Looking at the blueprint, most of those topics have been in the product since the early days and haven’t changed much. I figured I could take the test cold and pass those. But Share Configuration and Customization has changed here and there between releases. With a lot of different ways to do things, and ample opportunity for testing around minutiae, I figured this would be where I’d need to spend most of my study time. I also wanted to spend time reviewing the various API’s listed under Architectural Core because I typically just look those up rather than commit the details to memory.

To validate where I thought my focus areas should be I took the sample test on the blueprint page, which was helpful.

Now, study

For Architectural Core, I spent most of my time reviewing the list of public services in the Foundation API found in Appendix A of the Alfresco Developer Guide, the JavaScript API (also in Appendix A as well as the official documentation), and the Freemarker Templating API documentation.

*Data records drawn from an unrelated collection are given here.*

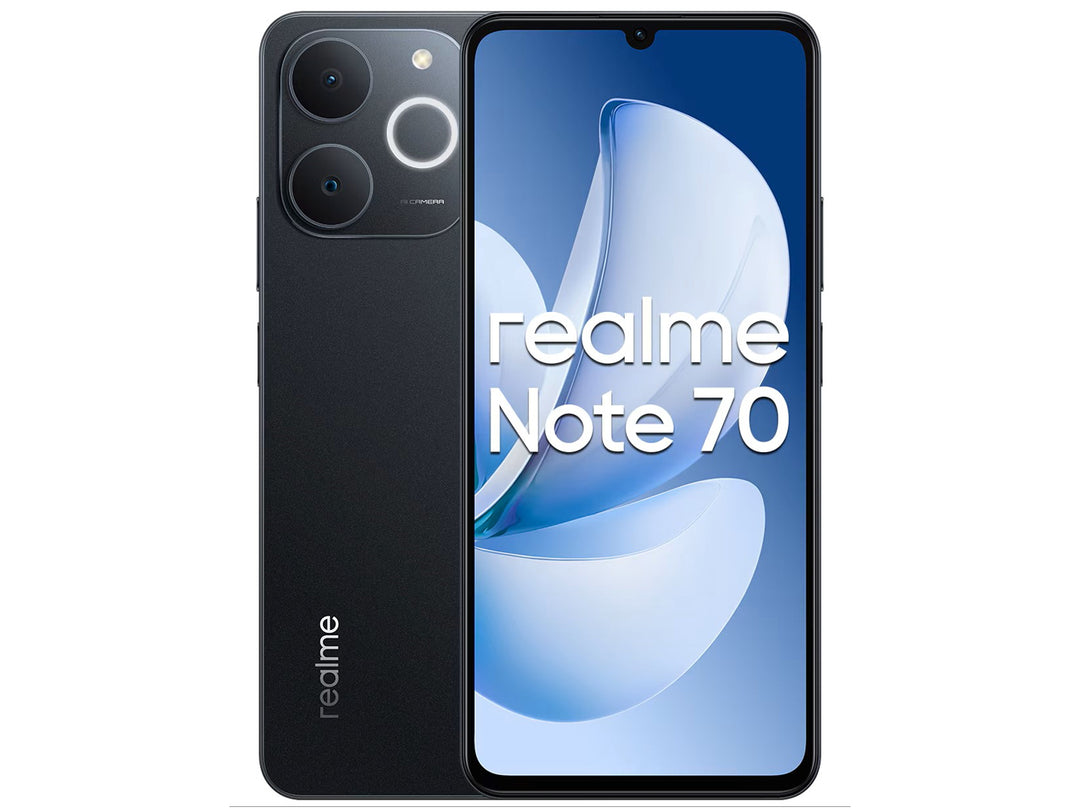 Smartphone Realme Note 70 en color negro, vista frontal de la pantalla y vista posterior de las cámaras.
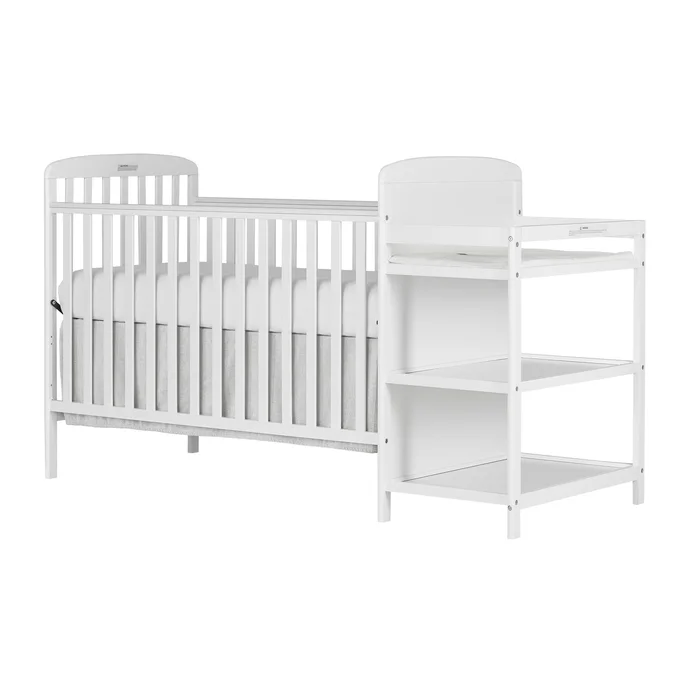 Dream On Me Anna 4-in-1 Full Size Crib and Changing Table Combo in White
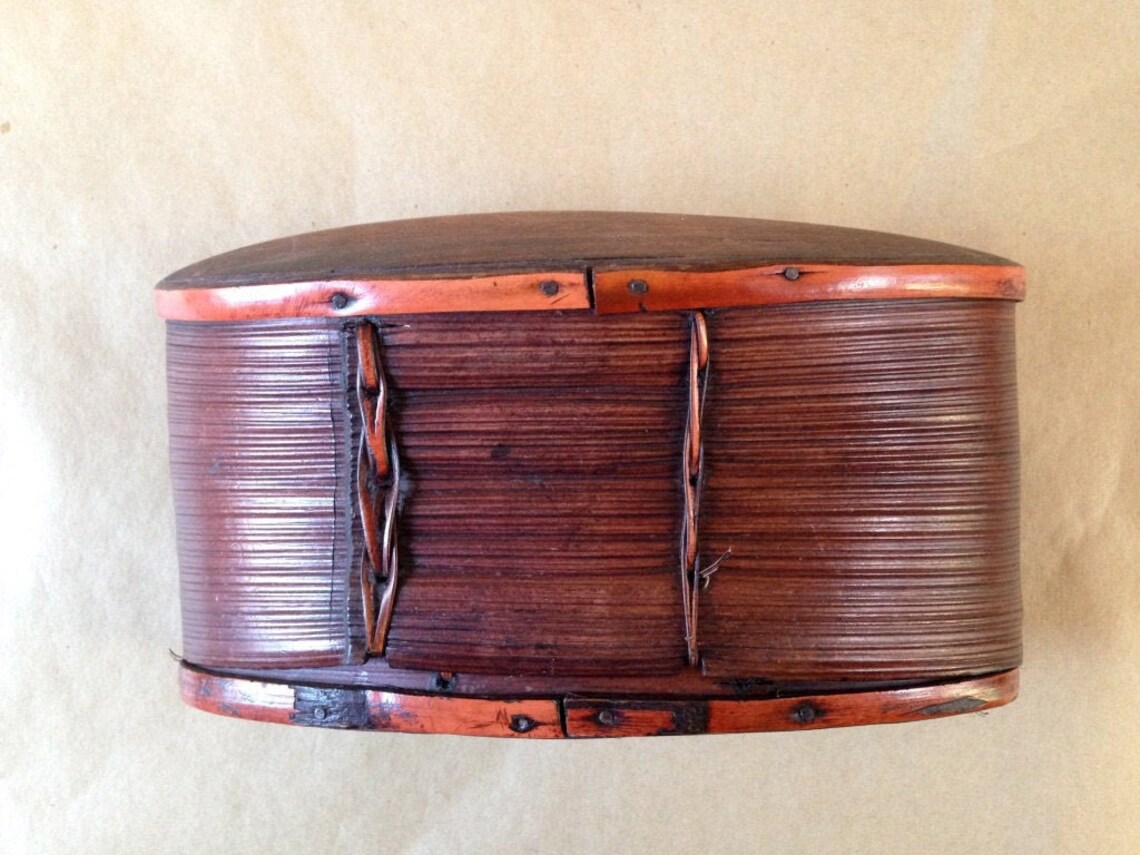 Vintage oval wood Box | Etsy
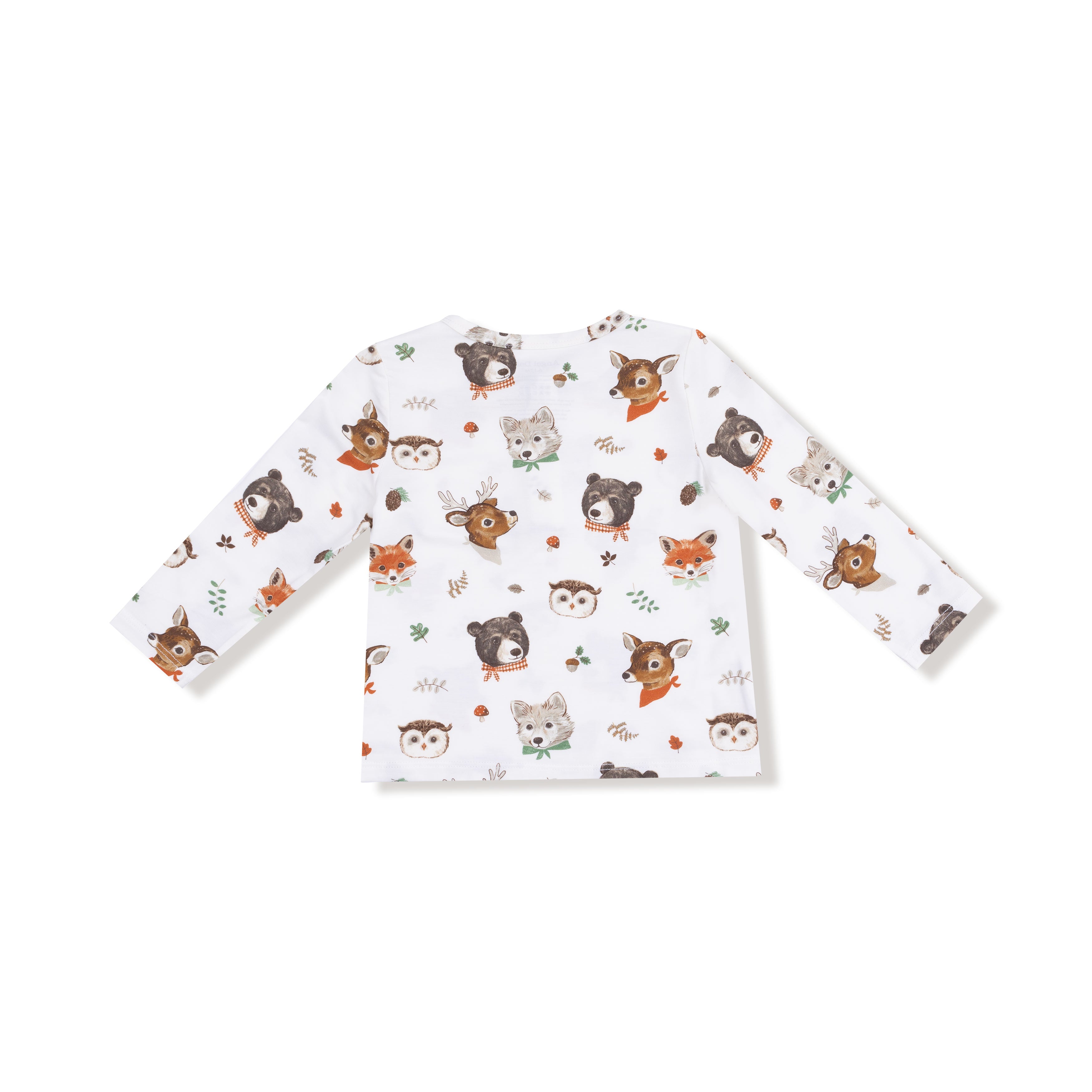 Long Sleeve Henley - Woodland Animal Faces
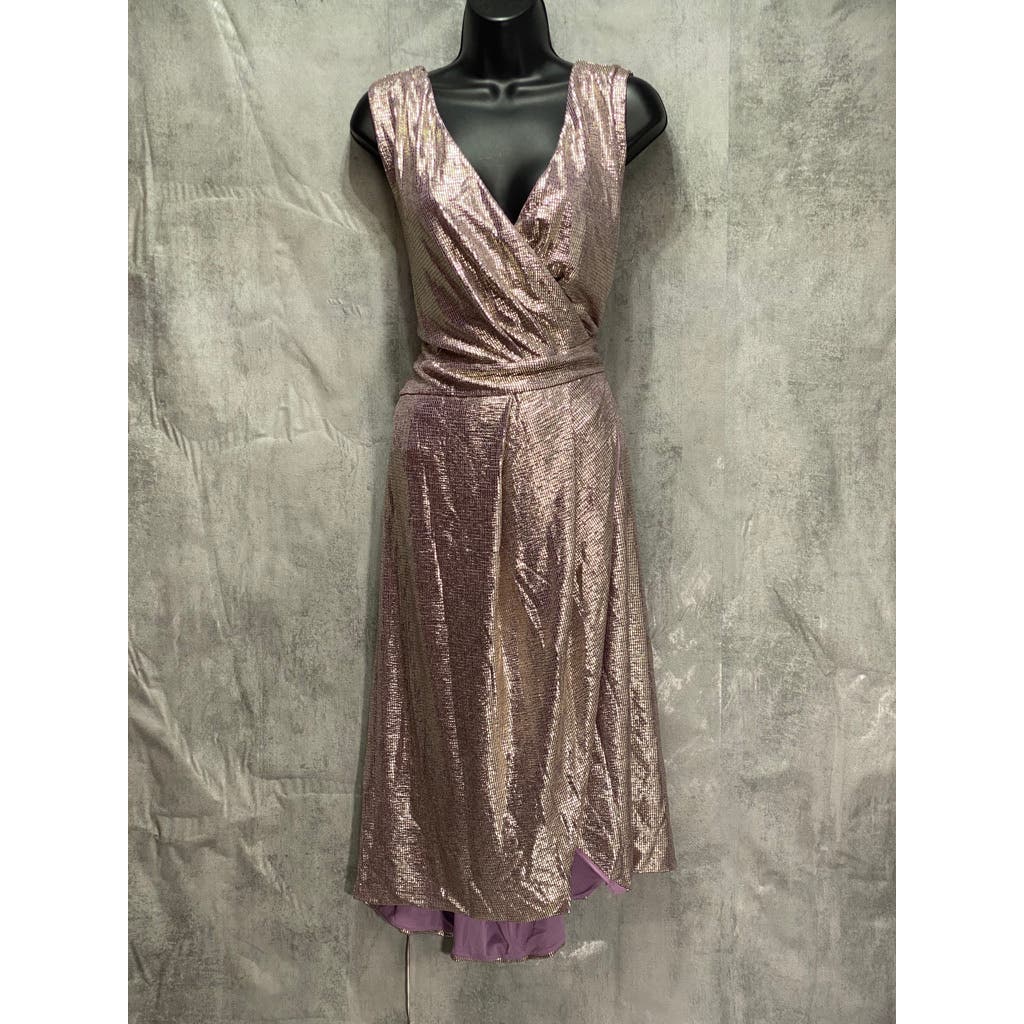 RACHEL ROY Plus Size Purple Faux-Wrap Sleeveless Knee-Length Brigette Foil Dress SZ 3X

For the Repository Customization I figured I had most of that down cold and just spent a little time reviewing Activiti BPM XML and associated workflow content models. The workflow tutorial on this site is one place with sample workflows to review and obviously the out-of-the-box workflows are also good examples.

According to the blueprint, the UI Customization section is now focused entirely on Alfresco Share, so I didn’t spend any time reviewing Alfresco Explorer customization. Instead, I read through the Share Configuration and Share Customization sections of the documentation. There are now tutorials on Share Customization in the Alfresco docs so I went through those again just to make sure everything was fresh. The Share configuration examples in my custom content types tutorial are another resource.

The Alfresco API section consists of questions about the Alfresco REST API and CMIS. This is only 5% of the test so I spent no time reviewing this. I also ignored Web Scripts, figuring my existing knowledge was good enough.

After studying the resources in my focus areas I took the sample test once more. It’s always the same set of questions, so taking it repeatedly isn’t a great way to prove your readiness, but at least you know you won’t miss those questions if they show up on the real test.

Feel ready? Go for it

If you get paid to work with Alfresco, you really ought to take this exam (and the ACA exam). Obviously, what I’ve reviewed here is a study plan for someone who has significant experience with the platform doing real world projects. If you are new to Alfresco you’ll have to adjust your plan and preparation time accordingly. Better yet, get a few projects under your belt first. I think it would be tough for someone with no practical experience to pass the test with any amount of study time, which is the whole point.

So there you go, that’s how I studied. Your mileage will vary based on what your focus areas need to be. Now go hit the books!